MAILAND – Angesichts der europäischen Energiekrise wirken in Italien, der drittgrößten Volkswirtschaft der Europäischen Union, zwei entgegengesetzte Kräfte auf die Spitzen von Politik und Wirtschaft. Auf der einen Seite steht die Angst vor Veränderungen, die Politiker dazu drängt, auf alte Lösungen zurückzugreifen: Bohrungen, neue Gaspipelines und Vergasungsanlagen und der Versuch, sich Öl und Gas aus Afrika und dem Nahen Osten zu sichern. Auf der anderen Seite steht der Ruf nach Innovationen aus der Strombranche und allen anderen Sektoren der Gesellschaft, die in der Krise ein Signal dafür sehen, dass die Ära der fossilen Brennstoffe zu Ende geht.

Die zwei widerstreitenden Ansichten des politischen und wirtschaftlichen Establishments spiegeln die Spaltung der italienischen Gesellschaft wider. Einer aktuellen SWG-Befragung zufolge basiert die Position zu Energiethemen weniger auf Fakten als auf Vorurteilen und Meinungen, die stärker vom Alter abhängen als von der politischen Zugehörigkeit. Wie es scheint, sind die Italiener über 55 in der Vergangenheit stecken geblieben. So glauben beispielsweise 33 Prozent von ihnen, dass erneuerbaren Energien nie mehr als 10 Prozent der Stromerzeugung in Italien ausgemacht haben. Nur 7,5 Prozent dieser Altersgruppe kamen der richtigen Antwort nahe: aktuell erzeugt Italien rund 40 Prozent seines Stroms aus erneuerbaren Quellen. Junge Menschen unter 24 sind besser informiert: In dieser Gruppe liegt der Anteil derjenigen, die den Beitrag der Erneuerbaren zur Stromproduktion richtig einschätzen, mit 22 Prozent dreimal höher.

Italiener über 55 scheinen die eindrucksvolle Tradition ihres Landes bei der Nutzung erneuerbarer Energieträger vergessen zu haben.
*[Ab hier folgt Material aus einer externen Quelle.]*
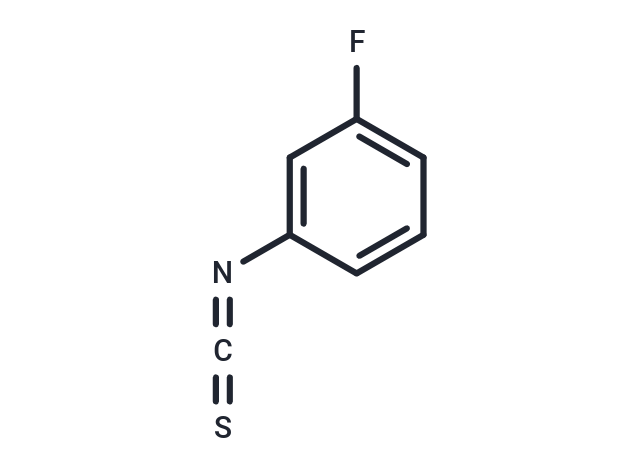 化合物 Benzene, 1-fluoro-3-isothiocyanato-|T21177|TargetMol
Nur wenige erinnern sich an die avantgardistischen Wasserkraftturbinen, die seit Anfang des 20. Jahrhunderts Wasser aus den Alpen in Strom für die Elektrostahlwerke in Sesto San Giovanni umwandeln, oder an Larderello, das weltweit erste Geothermiekraftwerk in der Toskana. Auch scheinen nur wenige Italiener zu wissen, dass Italien bei der Solarenergie führend ist und das Staatsunternehmen ENEL Green Power zu den fünf größten Photovoltaikunternehmen der Welt gehört.

Im Jahr 2014 hielt Italien sogar für kurze Zeit den Weltrekord bei der Nutzung von Solarenergie, die bereits damals 8 Prozent des italienischen Stromverbrauchs deckte. Im selben Jahr gehörte Italien zu den ersten Mitgliedsstaaten der Europäischen Union, die die Zielvorgaben der EU für 2020 lange vor Ablauf dieser Frist erreicht hatten. Wie die SWG-Befragung zeigt, wissen dies 94 Prozent der Italiener über 55 aber nicht, sondern glauben im Gegenteil, Italien habe seine Ziele verfehlt.
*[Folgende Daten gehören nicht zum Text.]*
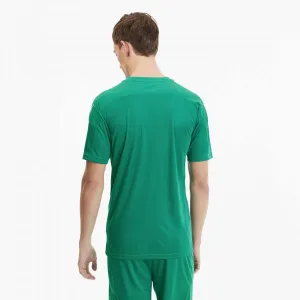 Puma TEAMFINAL 21 GRAPHIC JERSEY Pánske športové tričko, zelená, veľkosť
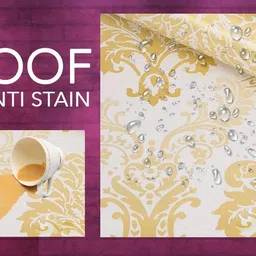 nuwallpaper Abstract Yellow Wallpaper image 4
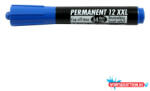  Marker Permanent 12 XXL (1-4mm) vágott végű kék (BAR_224360000)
Trotz dieser frühen Erfolge ist Italien bei der Erzeugung erneuerbarer Energien inzwischen innerhalb der EU auf Platz 12 zurückgefallen. Bei der Effizienz gemessen am Energieverbrauch pro Einheit des BIP liegt Italien unter den großen Volkswirtschaften immer noch vorne, aber sein Wettbewerbsvorteil wird kleiner. 1995 war die italienische Wirtschaft 32 Prozent effizienter als der EU-Durchschnitt; bis 2019 war dieser Vorsprung auf 11Prozent geschrumpft.

Wie die SWG-Befragung zeigt, sind Italiener unter 35 besser mit den technologischen Realitäten des 21. Jahrhundert vertraut. Sie wissen am meisten über die Erneuerbaren und sind die lautesten Befürworter der Energiewende. Leider ist die Gruppe der über 55-Jährigen viel größer als die der „geborenen Klimaschützer“. Sie sind im goldenen Zeitalter fossiler Technologien groß geworden und wissen wenig über die Erneuerbaren. Das ist der Grund, warum sie deren Nutzen unter- und deren Kosten überschätzen.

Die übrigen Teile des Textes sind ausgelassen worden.